Am 23.01.2008 um 14:37 schrieb Sébastien Lorquet:
I'm not sure a magnetic sensor is useful when you have a GPS,
because a GPS can give you a heading as soon as the measured
velocity is not zero!
It is exactly useful for this reason: if you are not travelling by
car but as a pedestrian, the GPS direction calculation is quite
imprecise. And if you simply rotate the device to rotate the map, you
have velocity zero.
However I think it's possible to calibrate a magnetic sensor so
that it forgets its close magnetic environment and is only
sensitive to the intented magnetic signals. The magnetic
environment is stored as a "fingerprint" and is then substracted to
the raw measurements to get a correct value.
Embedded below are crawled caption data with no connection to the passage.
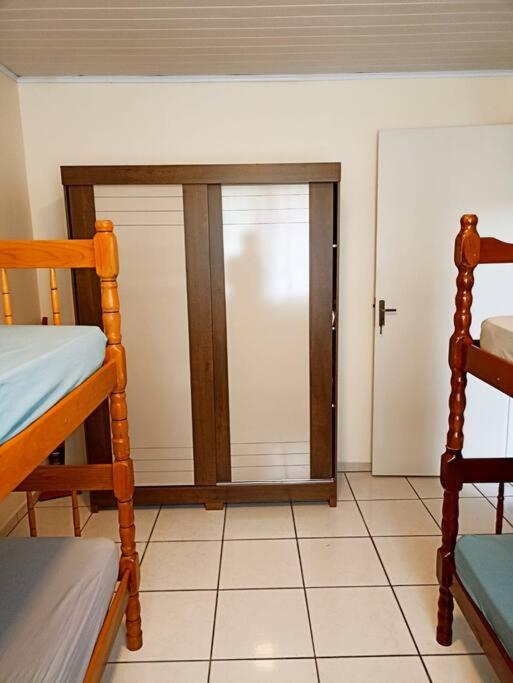 Casa Verde - 5 quartos a 600m Praia e próximo Beto Carrero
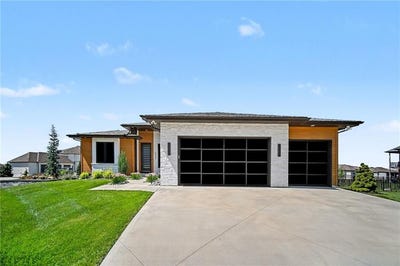 /international/us/2131-nw-palisades-drive-riverside-mo-110109242808/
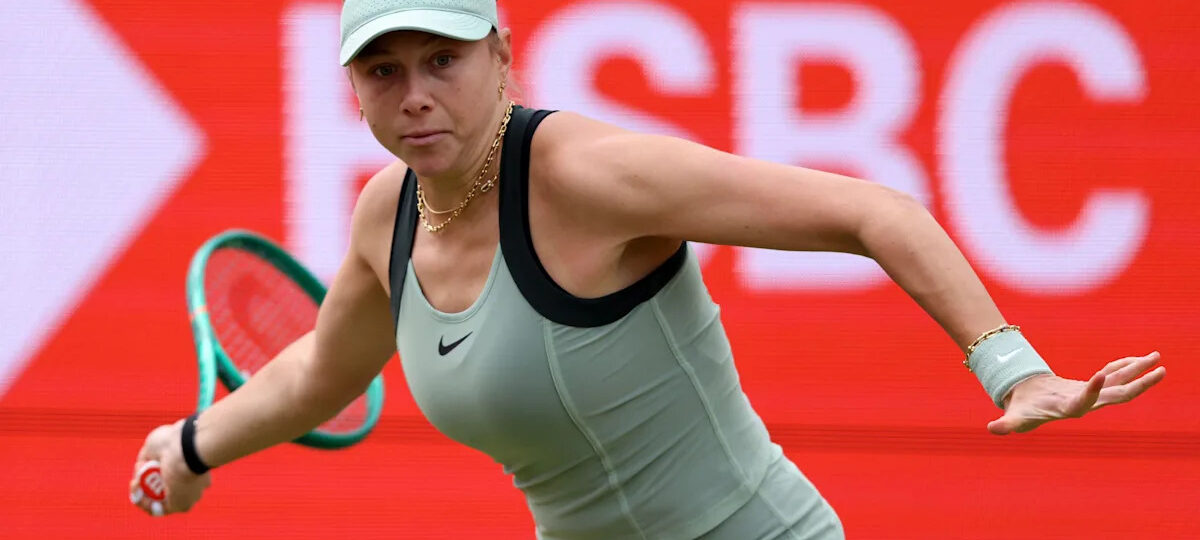 Queen's: Rain stops play as Anisimova serves for first set - watch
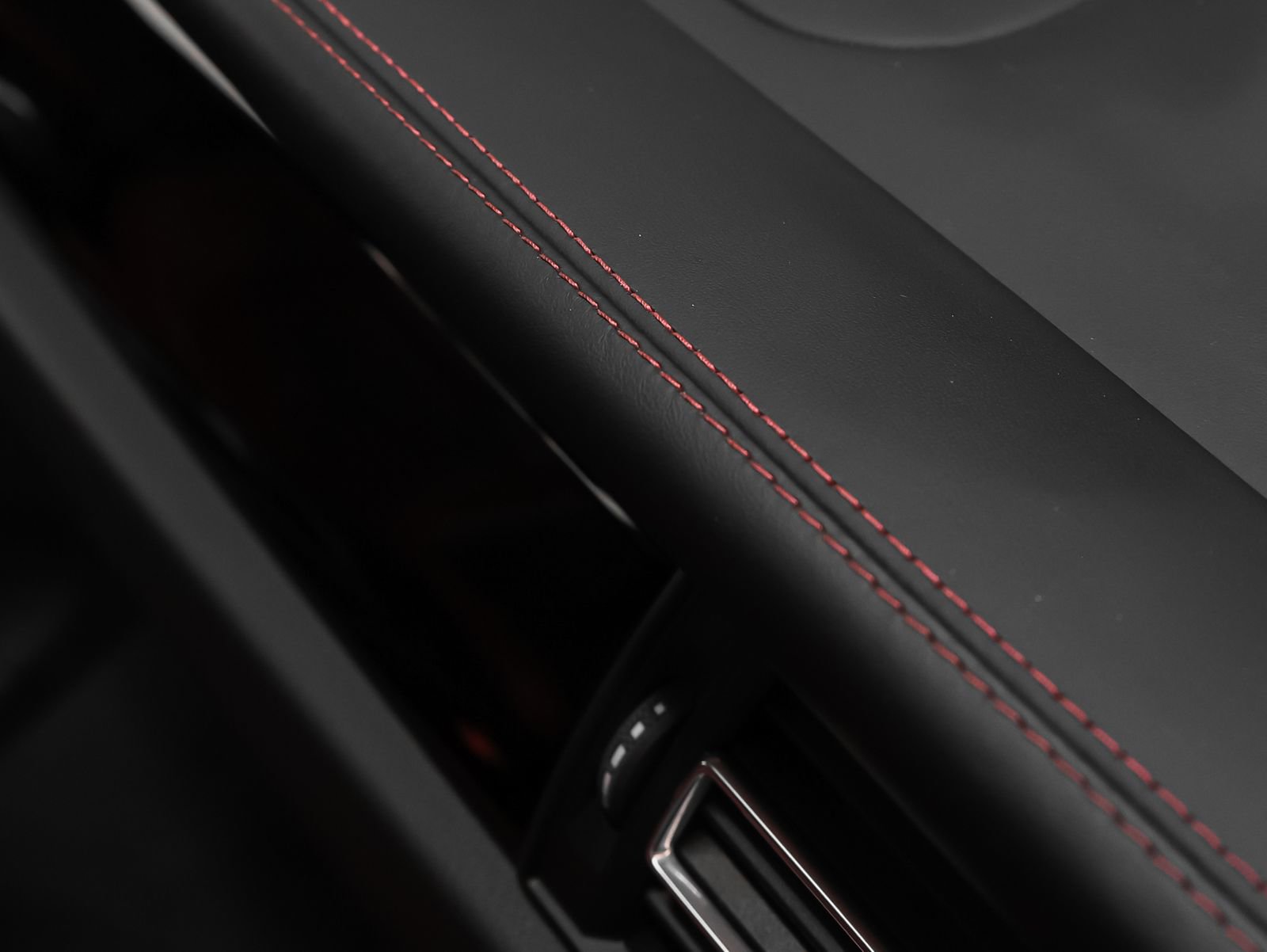 Certified 2022 Porsche Macan S image 28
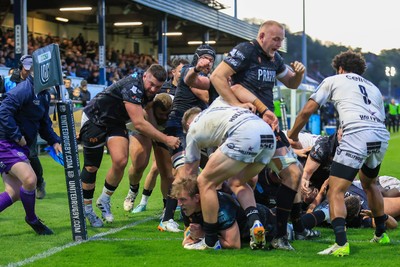 180426 - Ospreys v Hollywoodbets Sharks - United Rugby Championship - Jac Morgan of Ospreys Scores a Try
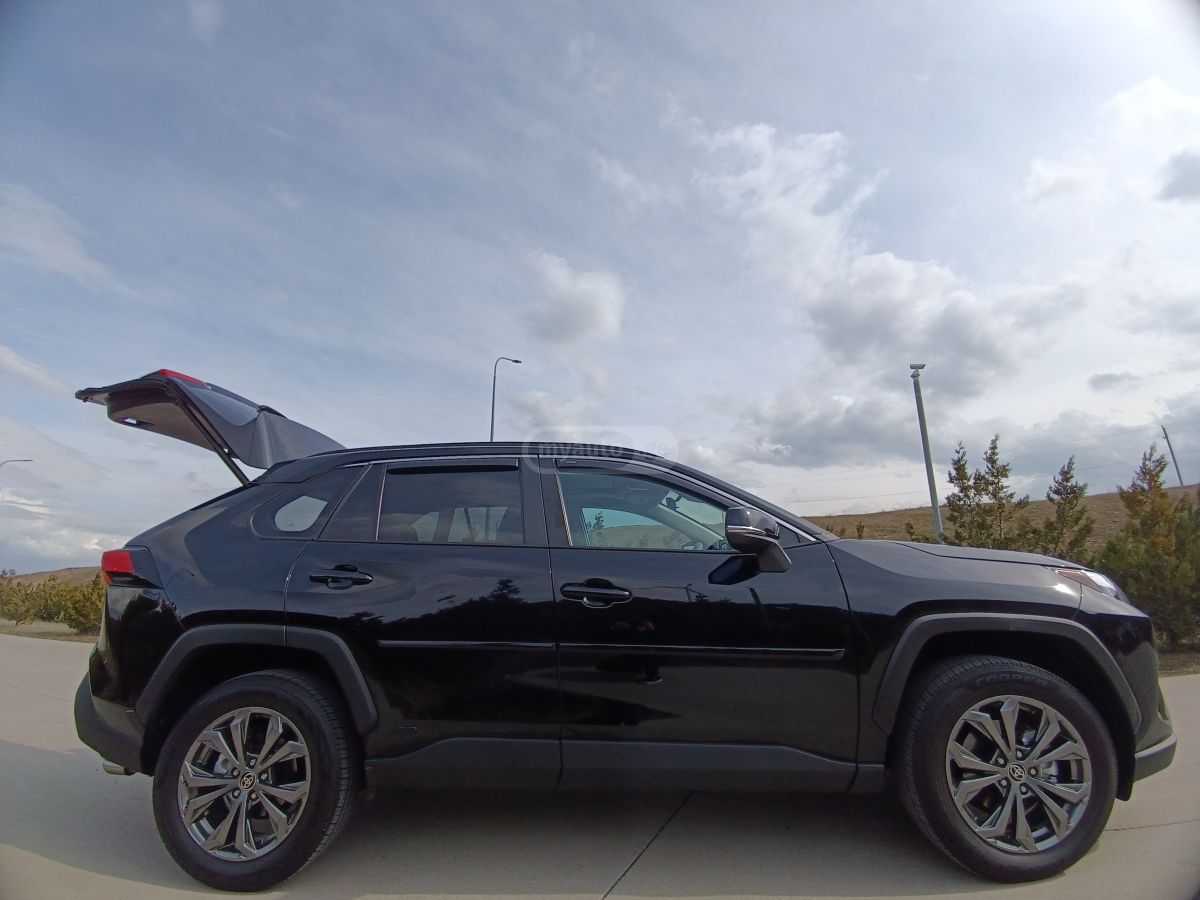 Toyota XLE Premium 4dr Front-Wheel Dr — миниатюра 10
Look how the "Garmin eTrex summit" https://buy.garmin.com/shop/
shop.do?pID=143 is doing:
1. it has an additional magnetic sensor
2. you have to calibrate it once you replace the batteries (metallic/
magnetic!)
3. calibration is done by rotating the device once by 360 degrees in
approx. 2-3 seconds
Am 23.01.2008 um 14:25 schrieb Schmidt András:
I was thinking about two possible applications:
1. The map of a GPS map viewer application turns when you turn the
machine so it is always aligned with the environment (this
feature
is included on some GPS tools.)
2. A software rendered compass (I have already seen one on a
phone as
I mentioned in a previous mail)
4. the waypoint tracking map is rotated accoring to the orientation
of your device
5. a compass can be shown graphically
So, these ideas are indeed reasonable and already implemented in a
commercial GPS device but not in mobile phones.